Ministerstwo w odpowiedzi na interpelację podkreśla dotychczasowe dokonania. Od 2024 roku nauczyciele otrzymali „największy w niespotykanej do tej pory skali” wzrost wynagrodzeń — o 30 procent i 33 procent. Według resortu te podwyżki „pozwoliły przywrócić odpowiedni dla tej grupy zawodowej poziom płac w relacji do wskaźników makroekonomicznych”.

Tegoroczne i planowane na kolejny rok podwyżki mają uwzględniać „aktualne uwarunkowania budżetowe związane z koniecznością wdrożenia mechanizmów nadmiernego deficytu”. To sygnał, iż dalsze zwiększanie wynagrodzeń będzie ograniczone stanem finansów państwa.

Część zmian już przyjęta przez Sejm

Ministerstwo informuje, iż 25 lipca 2025 roku Sejm przyjął projekt ustawy o zmianie Karty Nauczyciela. Większość projektowanych rozwiązań ma wejść w życie 1 września 2025 roku, choć niektóre — wymagające dodatkowego finansowania — dopiero od stycznia 2026 roku.

Wśród najważniejszych zmian znalazły się: podwyższenie nagrody jubileuszowej za 40 lat pracy do 300 procent wynagrodzenia miesięcznego i wprowadzenie nowej nagrody za 45 lat pracy wynoszące 400 procent pensji. Zwiększone zostały także wysokości odpraw emerytalnych, ujednolicono tygodniowy wymiar godzin dla różnych typów nauczycieli oraz uregulowano kwestie godzin ponadwymiarowych.

Systemowe rozwiązania wciąż w planach

Resort przyznaje, iż „część zmian postulowanych w ramach prac Zespołu wymaga pogłębionej analizy w szerszym kontekście uwarunkowań systemowych i finansowych”. Kontynuowane mają być prace nad „oczekiwanymi i koniecznymi zmianami pragmatyki zawodowej nauczycieli”.
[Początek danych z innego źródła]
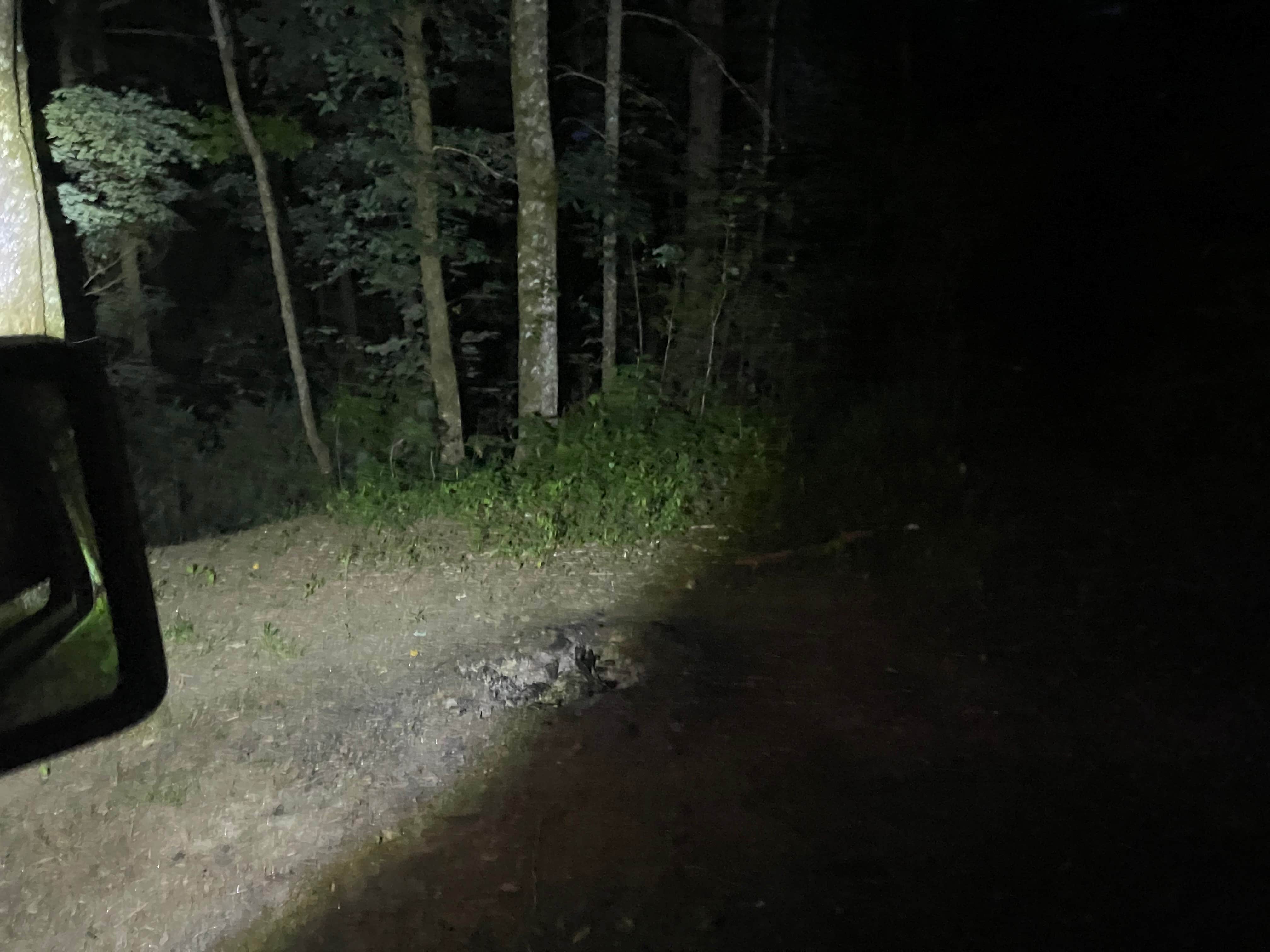 Camper-submitted photo at King Creek Primitive Campsites near Long Creek, SC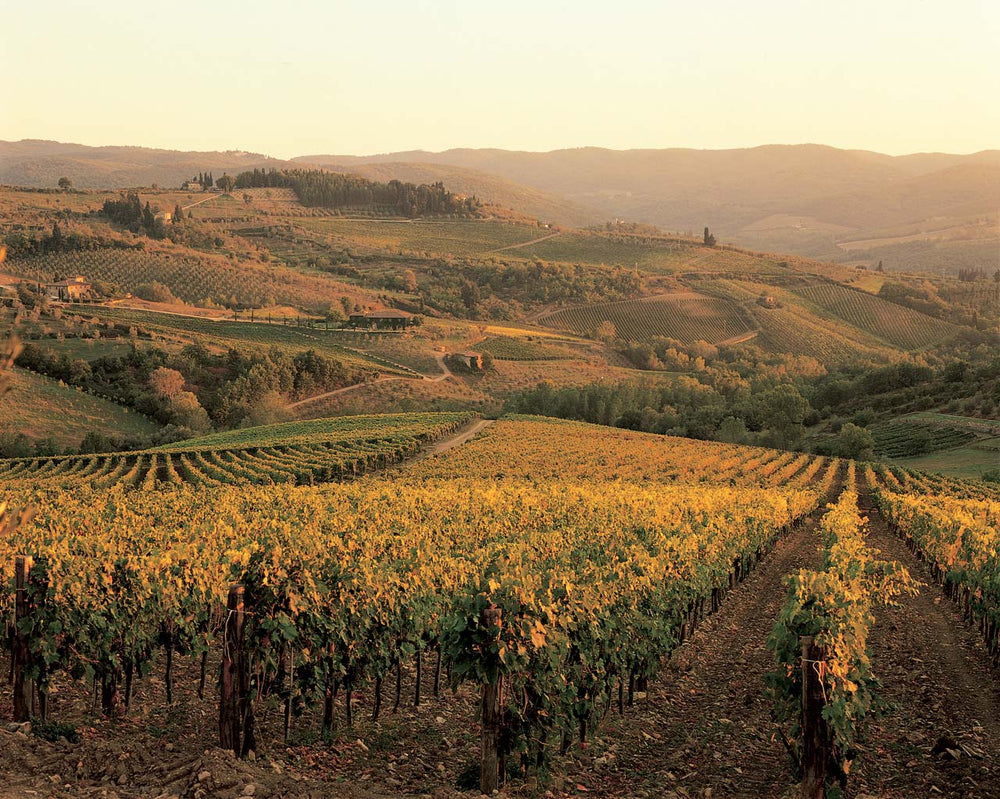 Fontodi Chianti Classico Gran Selezione Vigna del Sorbo 2020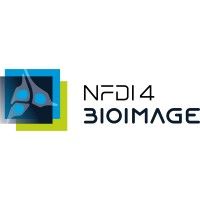 NFDI4Bioimage avatar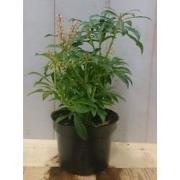 2 stuks! Pieris 30 cm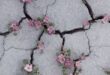 دعای-شفای-مرض-110x75 شفای بیماری 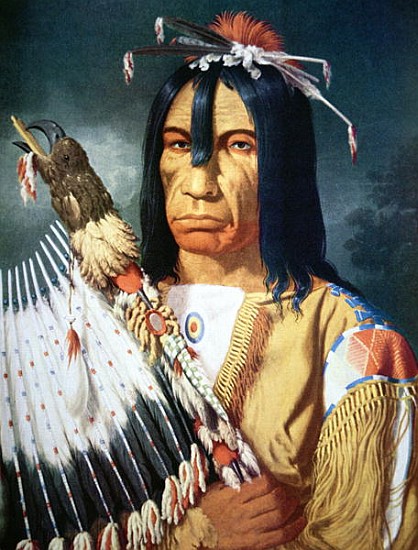 Native American Chief of the Cree people of Canada od Paul Kane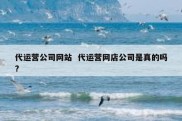 代运营公司网站  代运营网店公司是真的吗?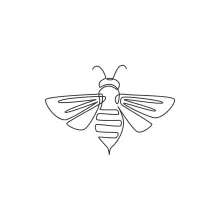 Learn to Draw a Bee in One Line: Simple Art for All Ages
Ministerstwo zapowiada, iż po sfinalizowaniu aktualnie procedowanych zmian „podjęte zostaną kolejne działania mające na celu systemowe zagwarantowanie poziomu płac poprzez odniesienie do obiektywnych wskaźników makroekonomicznych”. To może oznaczać realizację głównego postulatu obywatelskiej inicjatywy — powiązania wynagrodzeń nauczycieli z przeciętnym wynagrodzeniem w gospodarce.

Ministerstwo bez wpływu na tempo prac

W odpowiedzi na zarzuty o zaniechanie prac legislacyjnych, sekretarz stanu Kiepura podkreśla, iż „Minister Edukacji nie ma wpływu na procedowanie w Sejmie projektów ustaw”. Zgodnie z regulaminem Sejmu, posiedzenia komisji realizowane są w terminach określonych przez samą komisję.

Ta wymówka może nie zadowolić środowiska nauczycielskiego, które od lat oczekuje systemowych rozwiązań. Obywatelska inicjatywa „Godne płace, wysoki prestiż nauczycieli” została złożona już w 2021 roku, a mimo poparcia większości klubów parlamentarnych, prace nad nią utknęły w martwym punkcie.

Odpowiedź ministerstwa pokazuje, iż choć rząd deklaruje troskę o nauczycieli, realizacja systemowych zmian napotyka na bariery finansowe i proceduralne.